▸ **Source data**:
:::::

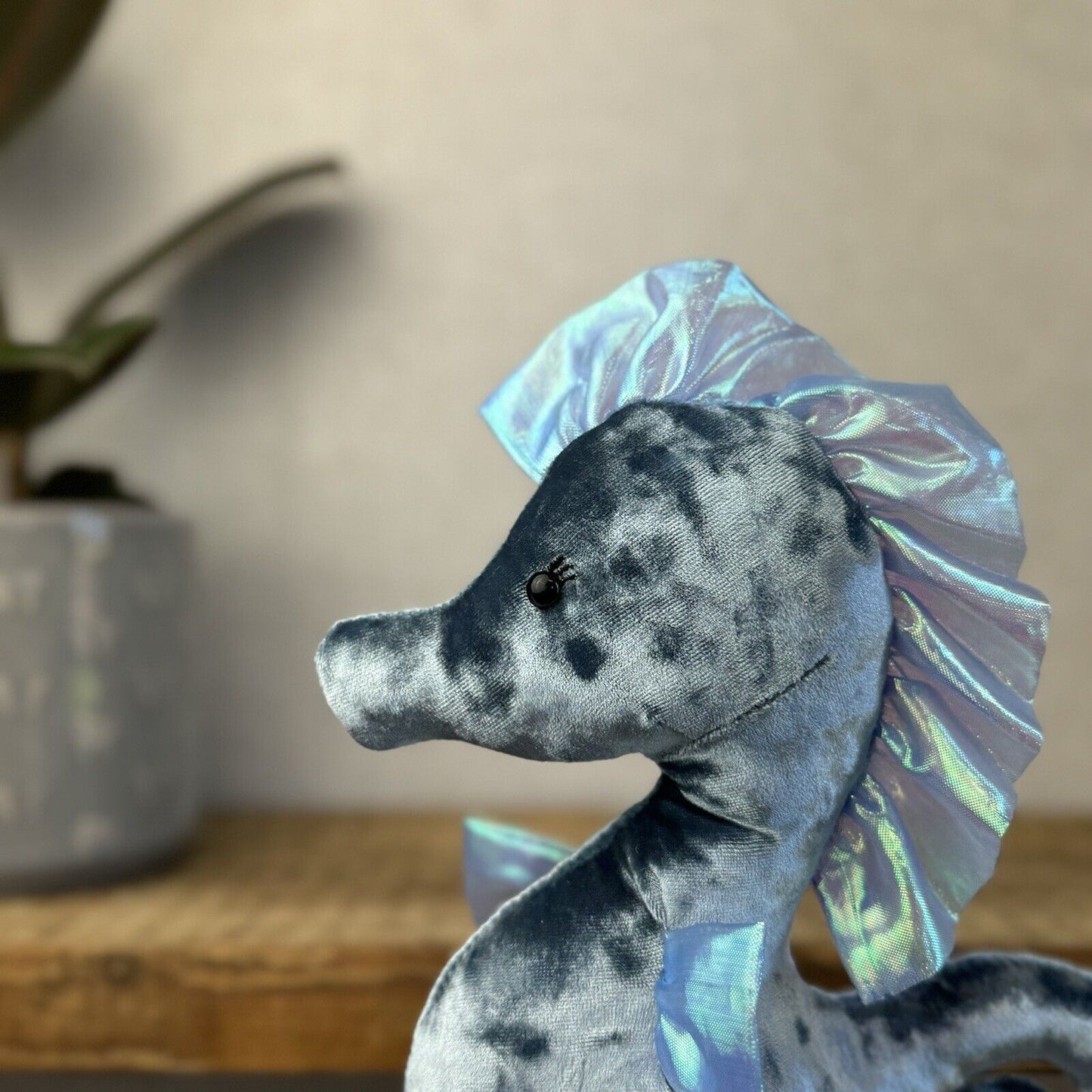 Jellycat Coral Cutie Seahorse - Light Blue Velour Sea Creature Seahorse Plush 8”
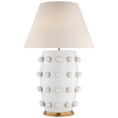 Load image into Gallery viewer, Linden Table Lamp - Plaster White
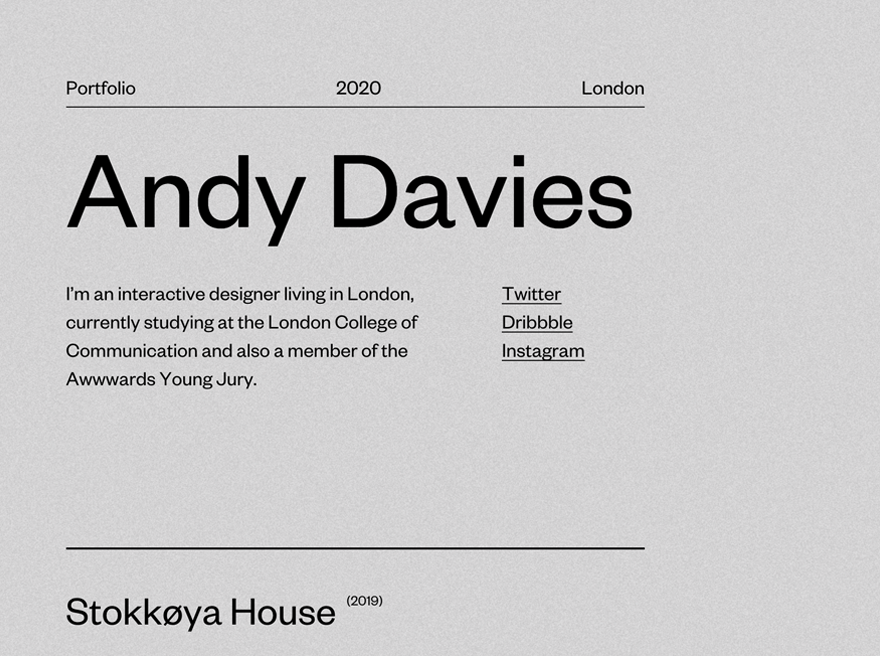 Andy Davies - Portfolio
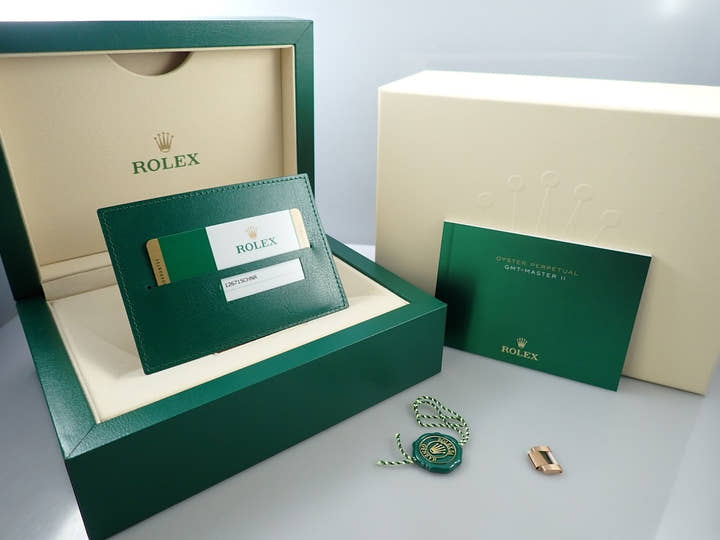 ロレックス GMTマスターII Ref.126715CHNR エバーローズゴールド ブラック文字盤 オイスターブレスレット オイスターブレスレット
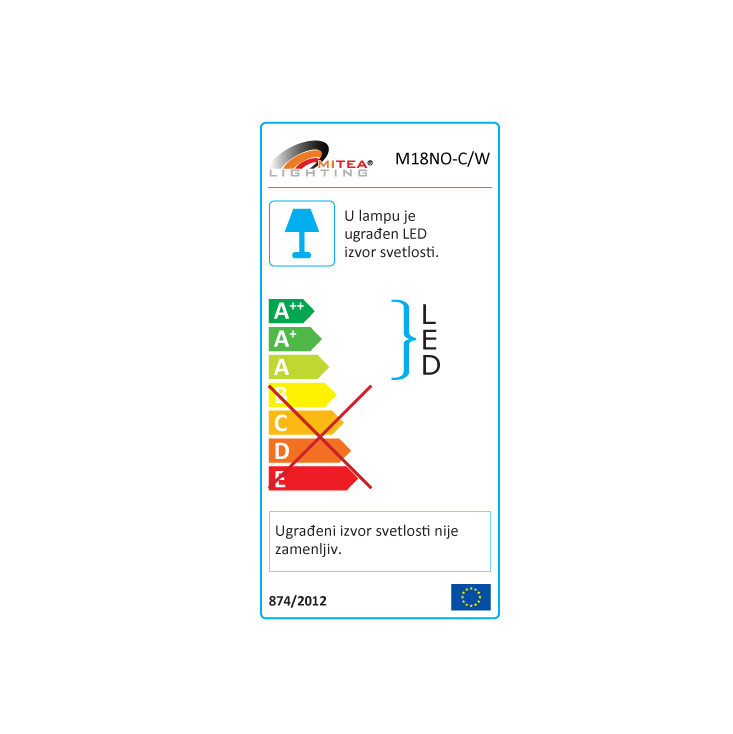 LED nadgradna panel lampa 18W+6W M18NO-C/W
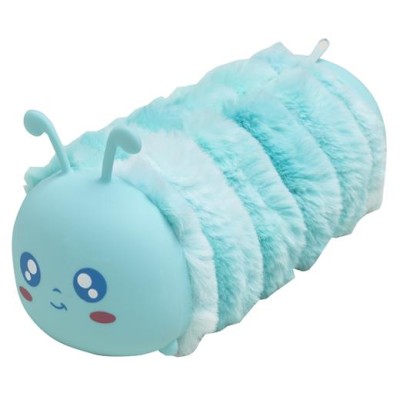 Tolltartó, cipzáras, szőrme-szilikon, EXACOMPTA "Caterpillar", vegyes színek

:::::

▸ **Required action**: Exactly repeat every line from the line that includes "ロレックス GMTマスターII Ref.126715CHNR" to the end of the listing, and nothing else, leaving pictures out.

▸ **Written response**:
 ロレックス GMTマスターII Ref.126715CHNR エバーローズゴールド ブラック文字盤 オイスターブレスレット オイスターブレスレット
 LED nadgradna panel lampa 18W+6W M18NO-C/W
 Tolltartó, cipzáras, szőrme-szilikon, EXACOMPTA "Caterpillar", vegyes színek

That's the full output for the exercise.